His most famous fiction is Legends of the Fall, but I believe his greatest achievement will prove to be his late 90s novel The Road Home, interlaced with an earlier work, Dalva, to form an 800 page epic that qualifies as much as any to be a Great American Novel.
Harrison might have agreed with at least that intention. He said in a 1998 interview: "I like to think that The Road Home addresses the soul history of our country."
There was a certain quality of elegy to The Road Home, and it seemed like the work of a lifetime in several senses. Yet he kept writing for nearly another 20 years. And he was aware of what those years meant.

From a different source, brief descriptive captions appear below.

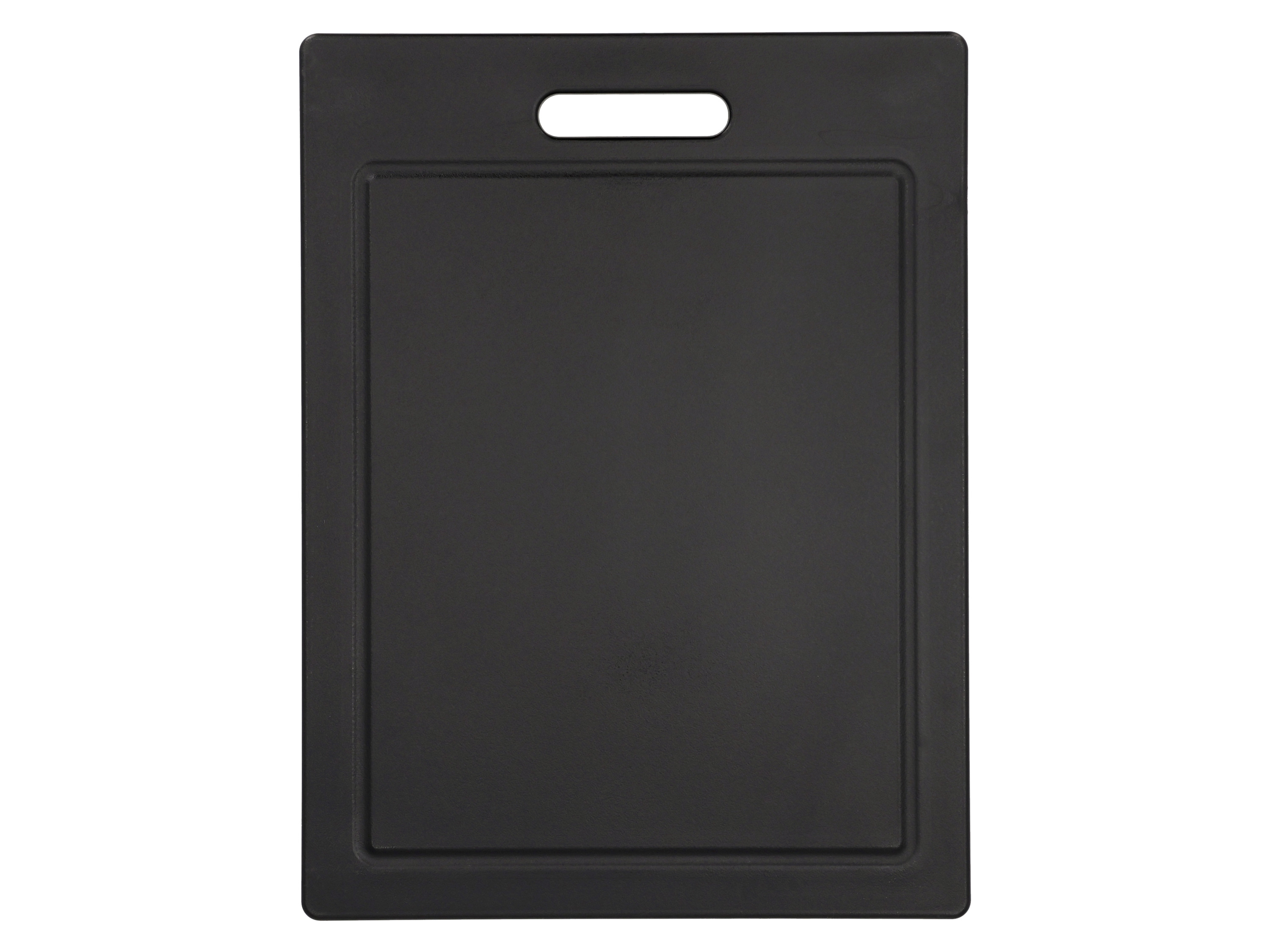 SILVERCREST® Schneidebrett (groß/schwarz)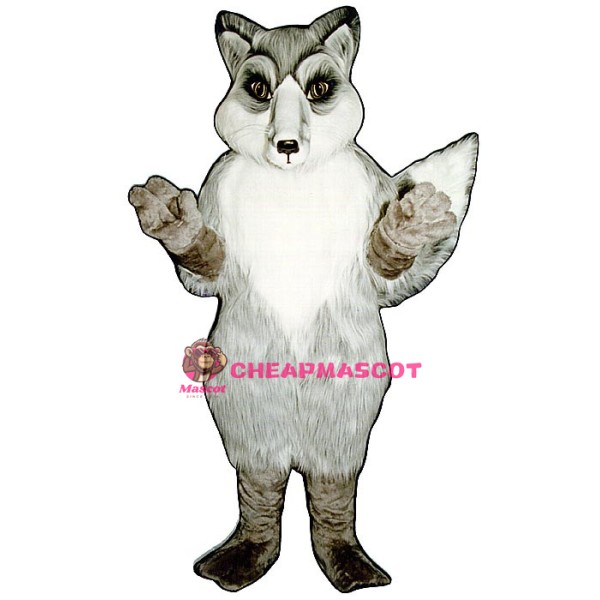 Realistic Fox Mascot Costume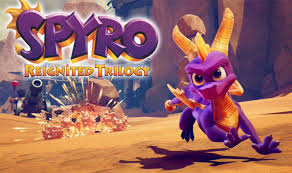 Spyro Reignited Trilogy Exclusive Pictures Reveal Craft Behind Ps4 And Xbox One Remake Gaming Entertainment Express Co Uk
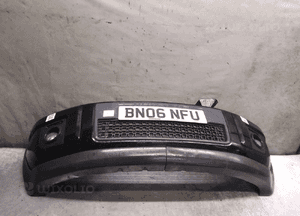 Zderzak przód przedni ford fusion D2 czarny lift fl halogeny 1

The NPR story that ran on All Things Considered Sunday quoted one of his poems:
Before I was born I was water.
I thought of this sitting on a blue
chair surrounded by pink, red, white
hollyhocks In the yard in front
of my green studio. There are conclusions
to be drawn but I can't do it anymore.
Born man, child man, singing man,
dancing man, loving man, old man,
dying man. This is a round river
and we are her fish who become water.
I've written about several of his books here and for several publications over the past 18 years, but I couldn't begin to summarize what I've learned and what I've taken from his words. On Saturday, the day he died (though it wasn't announced until Sunday), I watched a video of the late psychologist James Hillman (who Harrison often quoted) saying that as humans, our job in the world is to fall in love with it. The New York Times obit Sunday quotes Will Blythe reviewing Harrison: “His books glisten with love of the world."
May he rest in peace. His work lives on.